Stone Ridge Investment Partners is looking to swap out of AOL Time Warner 6.125% notes of '06 (Baa1/BBB+) and into Tyco International as investors in the latter credit have become nervous over Enron-related accounting issues. David Killian, portfolio manager of $175 million in taxable fixed-income, believes the Tyco worries are overdone. Once the firm provides more clarity on its proposed reorganization, Stone Ridge will look to add 1-2% of its portfolio, or $1.75-3.5 million, in Tyco bonds, and possibly WorldCom. The AOL bonds have not widened materially over the last two months, while the Tyco 6.375% notes of '06 have widened some 165 basis points in the last two weeks. Last Tuesday, they were bid at 90.5.

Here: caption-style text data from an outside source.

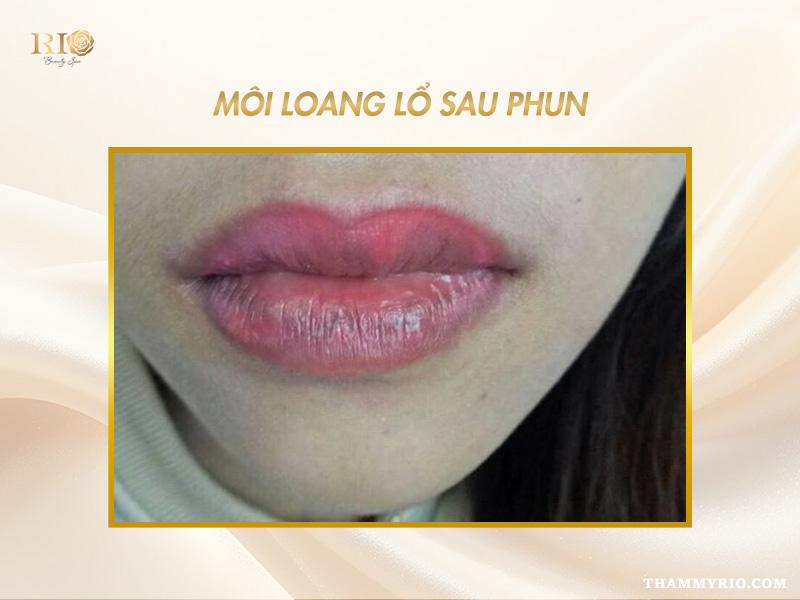 Phun môi màu hồng cam sữa - Sắc môi ngọt ngào trong trẻo 13 Môi loang lổ do chăm sóc sai cách sau phun môi màu hồng cam sữa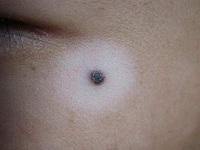 ����ţƤѢ��������ҽԺ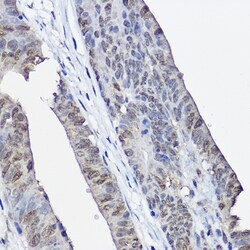 Invitrogen XPC Polyclonal Antibody 100 &mu;L; Unconjugated:Antibodies,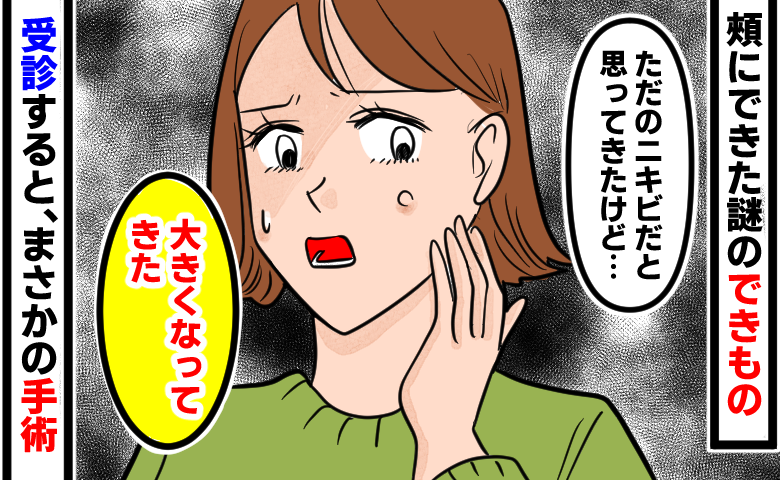 「ニキビだよね？」日に日に大きくなる頬のできものに不安。受診して手術を受けた結果【医師解説あり】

Stone Ridge will also shift 5%, or $9 million, to 15-year pass-throughs in what Killian believes is a rising interest rate environment. Killian says the firm will buy discount, current, and premium coupons in concert with their weightings in the Lehman Brothers Aggregate index.
The Malvern, Pa., firm allocates 53% of its assets to corporates, 35% to mortgage-backed securities, 11% to Treasuries, and 1% to asset-backed securities. At a duration of 4.2 years, it is slightly short the 4.5-year Lehman aggregate.